Dem neuen Sommer entgegen - Janet Frame

  • •Gebundene Ausgabe: 287 Seiten
    •Verlag: Beck; Auflage: 2 (28. Februar 2011)
    •Sprache: Deutsch
    •ISBN 978-3406605208
    •Preis € 19,95



    Kurzbeschreibung'
    Dem neuen Sommer entgegen', 1963 in London geschrieben, ist erst nach dem Tod Janet Frames veröffentlicht worden. Ihr erschien dieser Roman zu persönlich, um ihn zu Lebzeiten zu publizieren.
    Grace Cleave verbringt ein Wochenende außerhalb Londons. Die junge Schriftstellerin aus Neuseeland wird von einem Kritiker, der es gut mit ihr meint, zu sich in den Norden Englands eingeladen. Aber gerade die schlichte Herzlichkeit und das Verständnis ihrer Gastgeber stellen Grace auf eine schwere Probe.
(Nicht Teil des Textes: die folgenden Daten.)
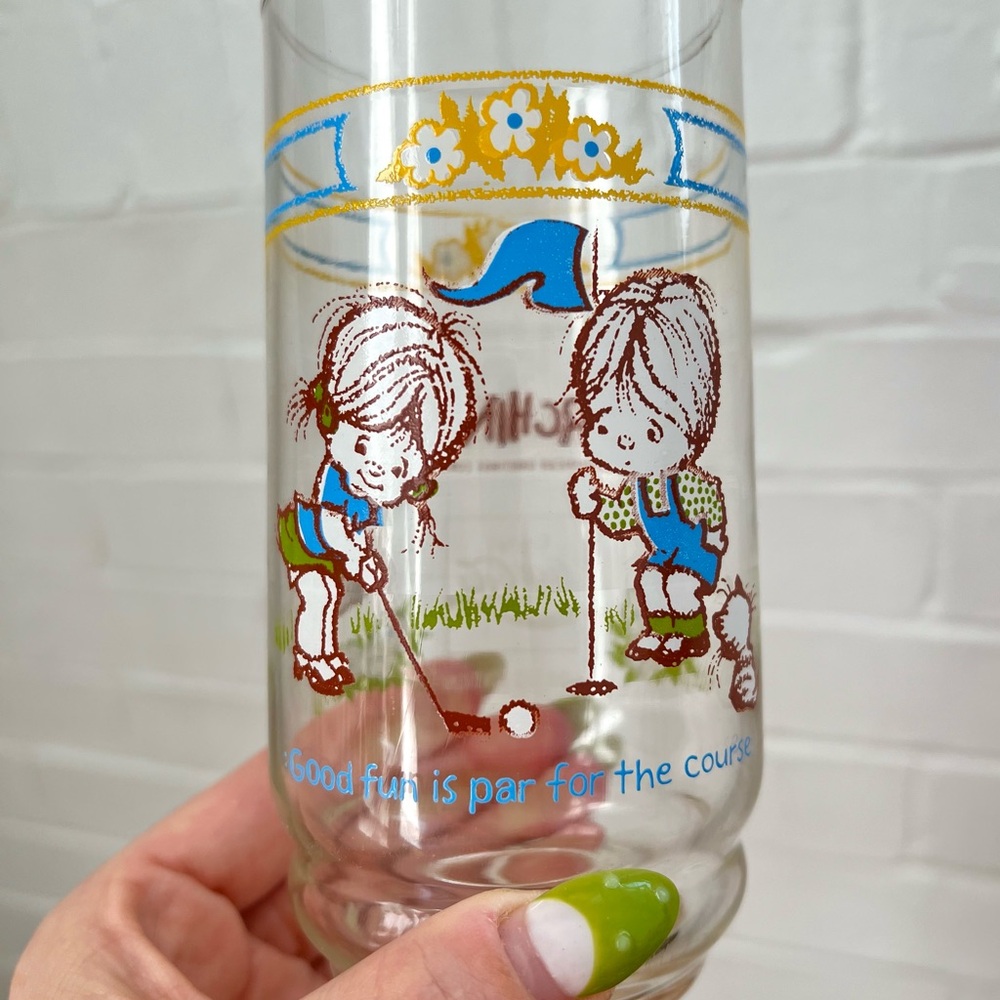 🌟HP🌟 70s Vintage 🌼 American Greetings Coca-Cola Ltd Edition URCHINS Glasses (2) - Picture 3 of 4
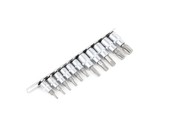 TM 11 teiliger Profi 1/4" und 3/8" TORX Steckschlüsselsatz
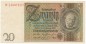 Reichsbanknote , 20 Mark Schein -Z 2- in unc-kfr. DEU-184.a, Ros.174, P.181 Weimarer Republik 1929 Reichsbank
Sie fühlt sich wie ein Zugvogel, auch, weil das Heimweh nach Neuseeland an ihr zehrt und ihr ganzes Leben im Ausland als flüchtig und vorübergehend erscheinen lässt. Alles Menschliche ist ihr irgendwie fremd, sie sucht nach ihrem Platz in der Welt - und muss ihn erst in ihrer eigenen Haut finden, ob gefiedert oder nicht.
    Wunderschön geschrieben, mit einer fast überwachen Genauigkeit, anrührend und auch komisch, ist dieser Roman aus dem Nachlass von Janet Frame ein weiteres Zeugnis dafür, dass diese Autorin zu den bedeutendsten der Literatur des 20. Jahrhunderts gehört. Vielen Lesern und Cineasten ist Janet Frame im Gedächtnis geblieben durch ihre Autobiographie 'Ein Engel an meiner Tafel' und deren Verfilmung durch Jane Campion.



    Über die Autorin
    Janet Frame wurde 1924 als drittes von fünf Kindern eines Eisenbahnarbeiters in Dunedin, Neuseeland, geboren, wo sie 2004 auch starb. Die Familienverhältnisse waren zum Teil tragisch, sie selbst wurde zu Unrecht als Schizophrene über Jahre in Nervenheilanstalten behandelt, u. a. mit Elektroschocks.
    Frame ist Autorin von zwölf Romanen. Ihre Autobiographie gehört zu den bedeutendsten Beispielen für dieses Genre im 20. Jahrhundert. Janet Frame zählte zu den Anwärterinnen für den Literaturnobelpreis.



    Meine Meinung:
    Ihren autobiografischen Roman (1963) wollte Janet Frame nicht zu Lebzeiten veröffentlichen, zu persönlich seien die Details.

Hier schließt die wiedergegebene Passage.